The Maharashtra Food and Drug Administration (FDA) has exposed a bogus medicine racket and seized 21,600 tablets that had been passed off as antibiotic ciprofloxacin from a government hospital in Nagpur, an official said on Saturday.
FDA Busts Bogus Medicine Racket, Seizes 21,600 'Antibiotic' Tablets At Nagpur Hospital
Three persons, including a Thane resident who is already in jail in a similar case, have been booked in connection with the seizure, officials said.
Three persons, including a Thane resident who is already in jail in a similar case, have been booked in connection with the seizure, he said. An FDA official said the medicine was purchased through the government contract process last year. It was recently seized from the Indira Gandhi Government Medical College and Hospital, which supplies medicines to state-run facilities in the district.
The fake tablets of ciprofloxacin, which is prescribed to treat a number of bacterial infections, worth crores of rupees were supplied to many government hospitals across Maharashtra, said the FDA official.
In March 2023, the FDA had picked samples of 'ciprofloxacin' tablets from a state-run healthcare facility in Kalmeshwar tehsil, about 40 km from Nagpur, and sent it to a government lab in Mumbai for testing, said a police official.
The test report, which came in December 2023, showed that the tablets had no medicinal value as they had no trace of ciprofloxacin at all, he said. Since the tablets had been supplied through the Nagpur-based Indira Gandhi Government Medical College and Hospital, FDA officials recently raided the store there and seized a stock of 21,600 tablets of the same brand.

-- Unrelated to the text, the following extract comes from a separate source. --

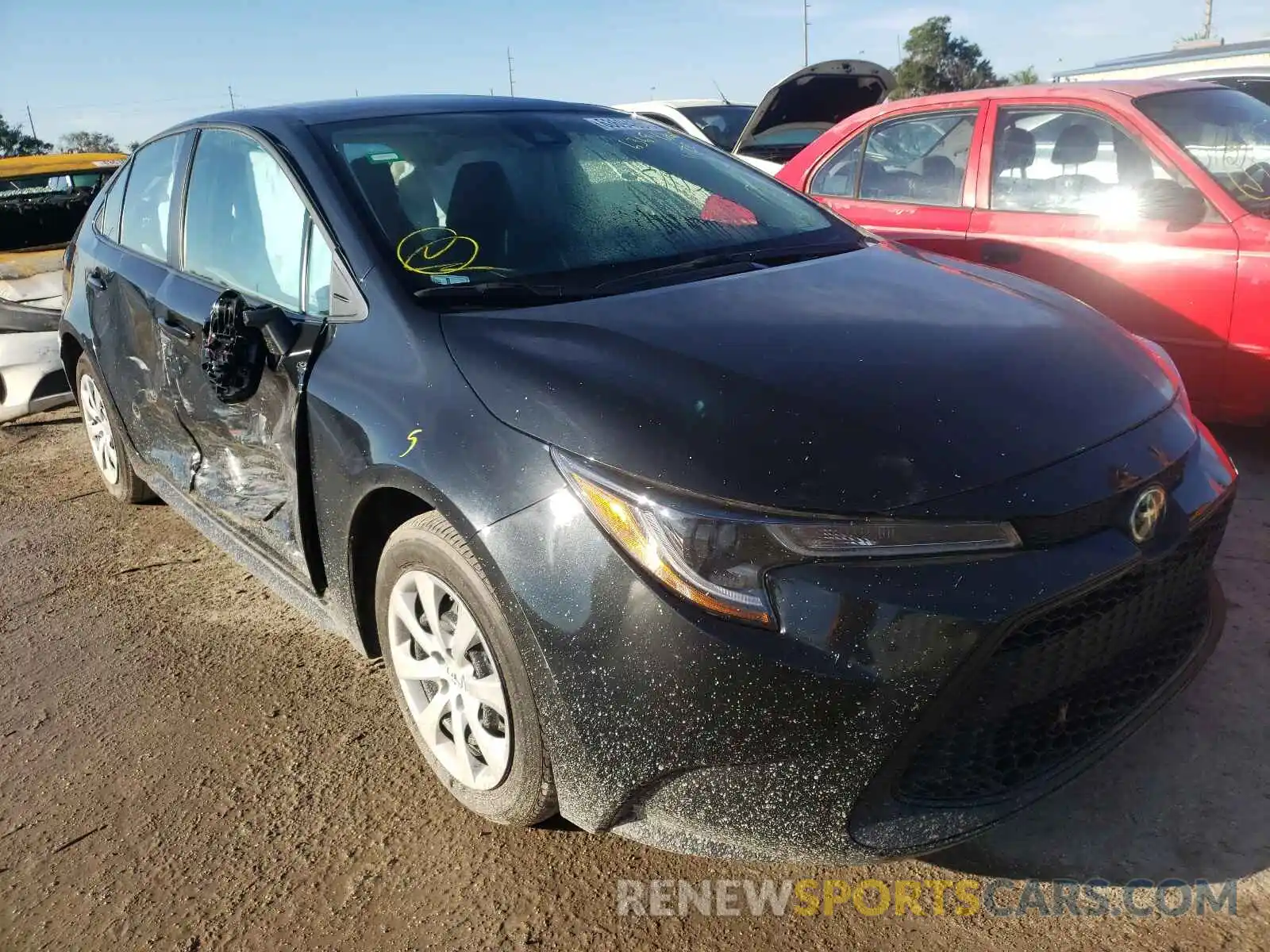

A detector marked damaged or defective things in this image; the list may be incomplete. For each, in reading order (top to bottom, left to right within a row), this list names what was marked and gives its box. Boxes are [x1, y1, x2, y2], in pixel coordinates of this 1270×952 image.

damaged driver side door [156, 125, 337, 581]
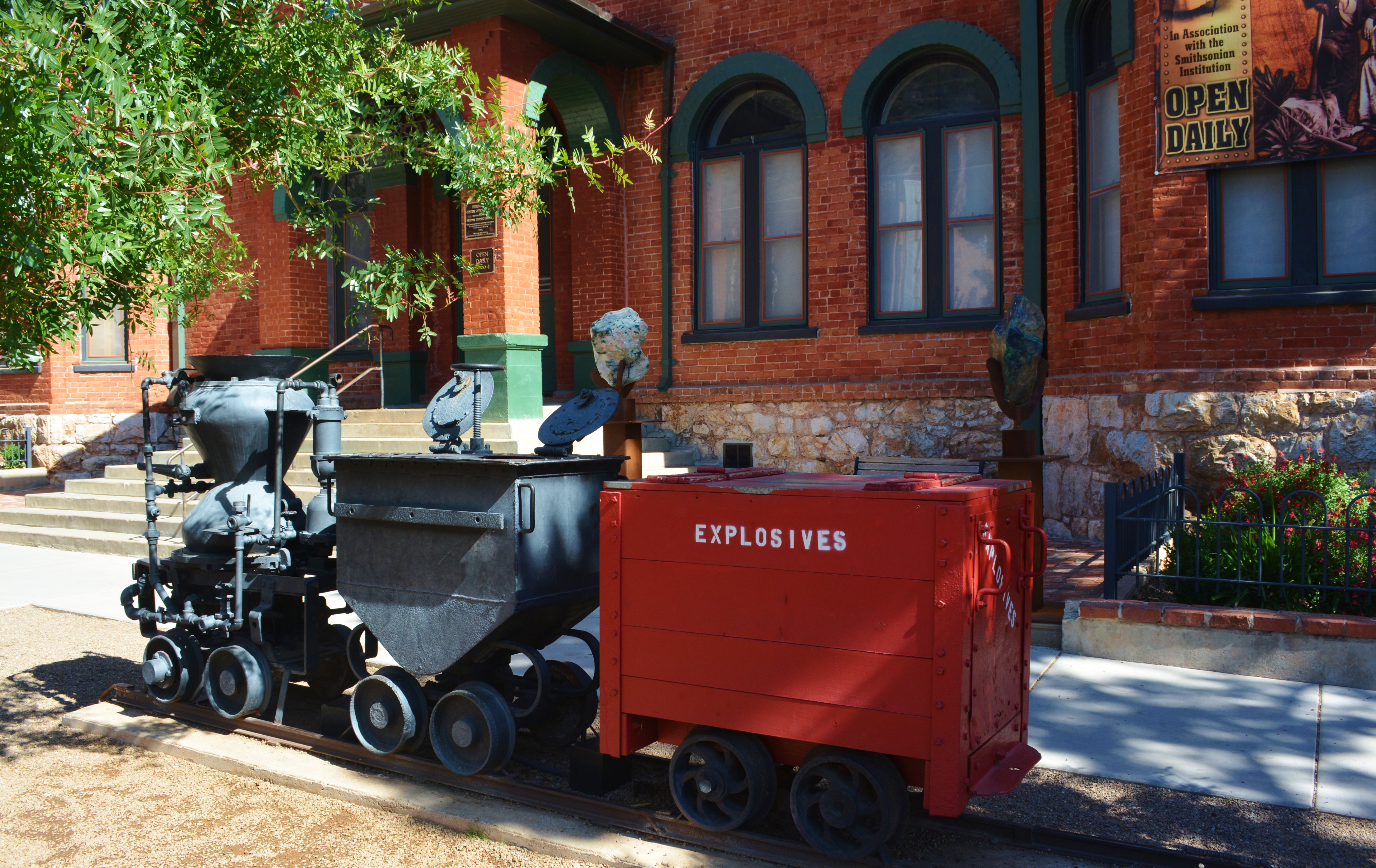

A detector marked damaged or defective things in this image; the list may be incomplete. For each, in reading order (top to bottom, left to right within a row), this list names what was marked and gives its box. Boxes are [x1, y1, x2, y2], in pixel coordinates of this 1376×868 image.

rusted metal pedestal [969, 429, 1062, 611]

Investigations revealed that the drug was manufactured by a bogus company named ‘Refined Pharma, Gujarat’. “The company does not exist,” the official said. The Kalmeshwar police have booked Vijay Shailendra Choudhary of Thane, Hemant Dhondiba Mule, a resident of Latur, and Mihir Trivedi of Bhiwandi near Thane in connection with this case.
Prime accused Choudhary is already in jail in a bogus medicine sale case. Choudhary had given the tablets to Trivedi, who passed them onto Mule for supply to government facilities, the officials added.